OS HOSPITAIS MEDIEVAIS DE LISBOA - Hospital do Santo Espírito ou do Espírito Santo da Pedreira ou Capela de Dom Adão


Situava-se no local da Pedreira de Lisboa (actualmente Rua Nova do Almada), tendo 10 camas para 10 merceeiras.[1]
Sabe-se que a casa do Santo Espírito já existia em 1279,[2] desconhecendo-se se o hospital seria da mesma época; certa é a sua existência em 1367, confirmada por um documento de emprazamento feito pela Confraria dos Clérigos Ricos a Afonso Esteves e sua mulher de umas casas, “à Pedreira, a par do Hospital do Santo Sp’rito”.[3]

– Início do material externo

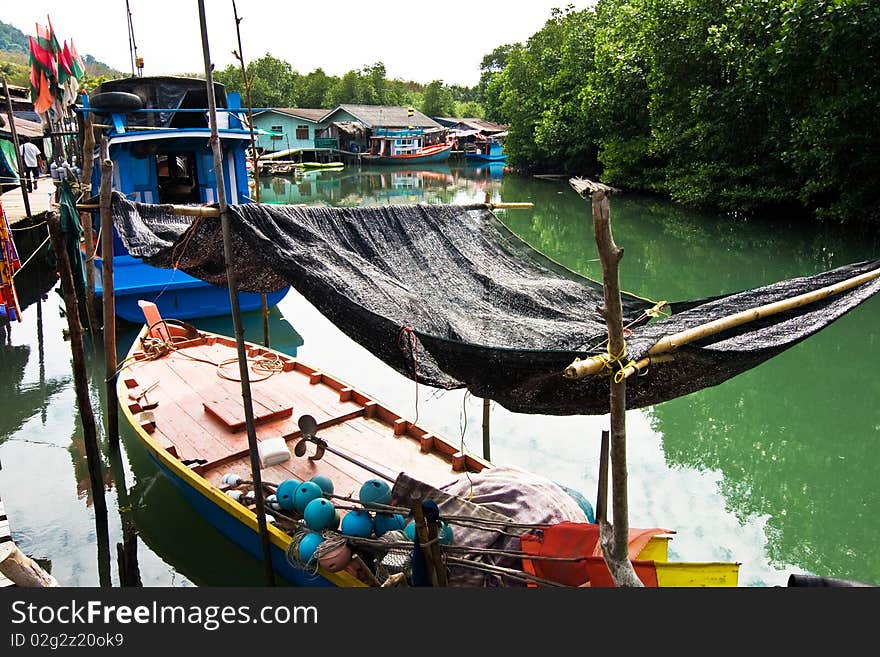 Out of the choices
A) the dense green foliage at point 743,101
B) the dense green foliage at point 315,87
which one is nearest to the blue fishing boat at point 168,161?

Está referido por volta de 1551: “A igreja do santo Espírito da pedreira está na freguesia de são Gião e são Nicolau. (...) foi fundada antigamente por dom Adão e dona Sancha (...) Há mais dez merceeiras, que têm seu aposento dentro na casa; tem cada uma cada mês cem reis, e todas as esmolas que vêm à casa, que valerão por ano cento e sessenta e cinco cruzados.[4]

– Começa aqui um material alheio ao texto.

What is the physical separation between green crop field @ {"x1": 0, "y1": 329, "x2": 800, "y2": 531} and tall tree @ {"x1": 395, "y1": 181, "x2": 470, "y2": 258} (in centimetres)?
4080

Em 1552 é o hospital descrito como: “Um forasteiro fidalgo, por nome Dom Adão e sua mulher Dona Sancha edificou nesta cidade a casa do Espírito Santo, que está na rua dos Fornos, onde se chama a Pedreira, a qual casa é das mais antigas desta avocação. E acabada, lhe deixou toda a sua fazenda, e deixou ordenado que nela houvesse onze merceeiras e um homem que servisse de tesoureiro, ao qual mandou dar quatro alqueires de trigo e cem rs em dinheiro para conduto, cada mês (...). Em qual casa dizem cada dia dez missas, e está hoje em dia muito bem adornada e perfeita, porque os mercadores desta Cidade, os mais principais, se fizeram confrades da casa, e eles a têm muito bem concertada.”[5] Cerca de 1503, era este hospital incorporado no Hospital Real de Todos-os-Santos,.[6]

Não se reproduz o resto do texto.